Thanks for visiting! Matched Pattern is available for hire! We do web apps and infrastructure.
Our client PearachuteKids.com got the call Friday at 5:30pm that their episode of Shark Tank would air the following Sunday. That was all the info we had. We didn’t even know which hour of Shark Tank we’d be part of, nor what kind of traffic hit to expect. We were also sure we would’ve had more time to prepare for this!
Pearachute had one server on AWS that was handling all their web traffic. The database was a small, sleepy RDS cluster. Googling around, I found very little on what to expect in terms of actual requests per minute that Shark Tank generates.
Next, we began scaling up our resources by imaging a spare staging EC2 instance. A good amount of time was sunk in modifying this image to use in the production environment. If I had simply taken a production image, I’d have saved a chunk of work; but I didn’t want to take production offline to take a snapshot. Lesson learned.
Our biggest hurdle was overcoming the various subtleties to our deploy process and how we handled its config. We were setting Puma options during deploy that we being overtaken by an existing puma.rb config file that was on disk. The deploy task doesn’t overwrite the on-disk puma.rb if it exists. One did exist in that image and it was for staging.
So, we had to take down the now running server to take another image and use it to scale to our remaining limit of 8 servers. But this wasn’t enough by a long shot. We had a sudden mad dash to reach Amazon to increase our server limit. We were bumped to 40 instances within a few minutes of explaining the situation. I then scaled up to 21 production web servers and put them behind our main load balancer. Why that number specifically? Why not?!
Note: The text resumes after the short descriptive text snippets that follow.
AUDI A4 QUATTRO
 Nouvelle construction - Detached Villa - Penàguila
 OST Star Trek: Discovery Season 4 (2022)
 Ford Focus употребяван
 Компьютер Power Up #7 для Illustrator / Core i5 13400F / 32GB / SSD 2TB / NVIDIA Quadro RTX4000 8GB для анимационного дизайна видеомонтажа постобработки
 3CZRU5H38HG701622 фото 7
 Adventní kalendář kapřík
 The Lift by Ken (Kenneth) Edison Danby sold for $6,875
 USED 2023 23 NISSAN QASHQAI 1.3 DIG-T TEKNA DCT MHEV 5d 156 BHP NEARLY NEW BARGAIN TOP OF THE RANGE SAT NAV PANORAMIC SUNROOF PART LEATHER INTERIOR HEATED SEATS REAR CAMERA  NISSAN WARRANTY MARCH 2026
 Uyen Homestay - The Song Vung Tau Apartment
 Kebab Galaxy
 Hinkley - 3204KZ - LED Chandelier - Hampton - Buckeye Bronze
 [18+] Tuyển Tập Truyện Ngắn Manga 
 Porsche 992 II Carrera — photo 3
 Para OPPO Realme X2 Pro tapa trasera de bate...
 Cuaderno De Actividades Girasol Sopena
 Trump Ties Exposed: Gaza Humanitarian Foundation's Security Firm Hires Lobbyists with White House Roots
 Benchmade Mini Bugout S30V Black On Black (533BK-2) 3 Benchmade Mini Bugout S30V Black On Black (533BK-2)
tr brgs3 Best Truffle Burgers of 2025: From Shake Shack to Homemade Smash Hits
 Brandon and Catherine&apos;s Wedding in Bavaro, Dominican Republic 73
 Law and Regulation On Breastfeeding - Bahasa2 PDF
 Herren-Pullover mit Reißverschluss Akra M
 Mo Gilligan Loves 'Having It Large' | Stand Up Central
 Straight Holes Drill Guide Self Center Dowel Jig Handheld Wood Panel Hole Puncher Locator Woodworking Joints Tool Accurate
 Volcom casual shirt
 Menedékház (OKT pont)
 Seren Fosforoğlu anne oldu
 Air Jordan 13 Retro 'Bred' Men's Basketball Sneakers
As the new web servers came online, they started to connect to the RDS instance. By the time all clients connected, we had consumed 15% of the CPU. That made me wary. The decision was made to scale the RDS cluster. I figured there were two options:
Down the RDS cluster to snapshot the database then clone that into a new, larger RDS cluster
Grow the existing RDS cluster by simply modifying the instance settings.
We decided to roll with the manual version. Why? If the automatic upgrade failed, we had nothing to roll back to. If we did it manually, we would still have the existing database to point back to. I estimated it would take 15–30 minutes of downtime to do this. We clocked in at 22 minutes. The database cluster was increased to 5 times its original size and I was able to decommission the old RDS cluster.
With all the clients online we saw 300 database connections; by the end of the spike, it grew to 500.
During stress testing I noticed a URL was painfully slow and would result in cascading 500s very shortly after the test started. This route provided a huge chunk (1M) of JSON data that was not being cached in any way. I raced to optimize the function. I wrote a quick script that ran through and generated the JSON for each object we were concerned with and moved them to [S3]. I then updated the codebase to simply read the data directly from Amazon. This took the request from ~8s to load to ~2s. Further refactoring would be needed to clean up the cache hack and tighten up the original request, but no time for that now.
I wrapped up working on the infrastructure around 8:30pm EST. I ate for the second(?) time that day and finally took a shower.
Before The Storm
We aired at 10:15pm EST. Within five minutes, our traffic spiked 34x. Not 34%, mind you, 34 TIMES. We hit 45 requests a second at peak traffic. The spike lasted for about 20 minutes, which mirrored the actual air time of Pearachute’s Shark Tank segment. Our database load spiked to 35% when traffic peaked, but it held. All the servers held.
After The Show
We ran 21 t2.large Ubuntu web servers that hosted our Rails app via Nginx and Puma. Our database on RDS was Postgresql 9.5.2 on Multi-AZ’d db.m4.xlarge.